Victorian Literature Questions
Bring on the tough stuff. There's not just one right answer.
- The Victorian era technically begins with Queen Victoria taking the throne, and it abruptly ends when she dies. But does it make sense to define a literary period by the person on the throne?
- Some critics divide up the Romantic period by generation: the "first generation Romantics" (Wordsworth and Coleridge) vs. the "second generation Romantics" (Keats and Shelley). Are Victorians just third-generation Romantics? Or is their lit doing something so different that they need their own category?
- Victorians loved their Romantic poetry. If they were so interested in the previous generation's poetry, does it still make sense to separate the two groups?

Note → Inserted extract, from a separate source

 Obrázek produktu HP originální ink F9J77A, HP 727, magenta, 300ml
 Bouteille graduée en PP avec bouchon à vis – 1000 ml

- Romantic poetry gets tons of attention, but Victorian poets also had some big inventions, like Robert Browning's dramatic monologue. If you had to sum it up, how is Victorian poetry different from Romantic poetry?
- If we were defining Victorian lit by its major works instead of by Queen Victoria's life, which texts would you choose? Which work would kick things off, and which would signal it was all over?
- If we picked up a Victorian novel that didn't have a back cover or a copyright date, would we still find some distinctive things that marked its age?
- Are there Victorian authors that just don't fit in with the concerns and styles of the period? Would you group them with a different time or set of authors?
- The 19th-century novel is all about fads—from the Newgate novel detailing the grimy details of criminal life in London to the suspense-ridden sensation novel (check out "Serialization" under Characteristics). Do we still have such clear trends in popular novels? And if so, what are they?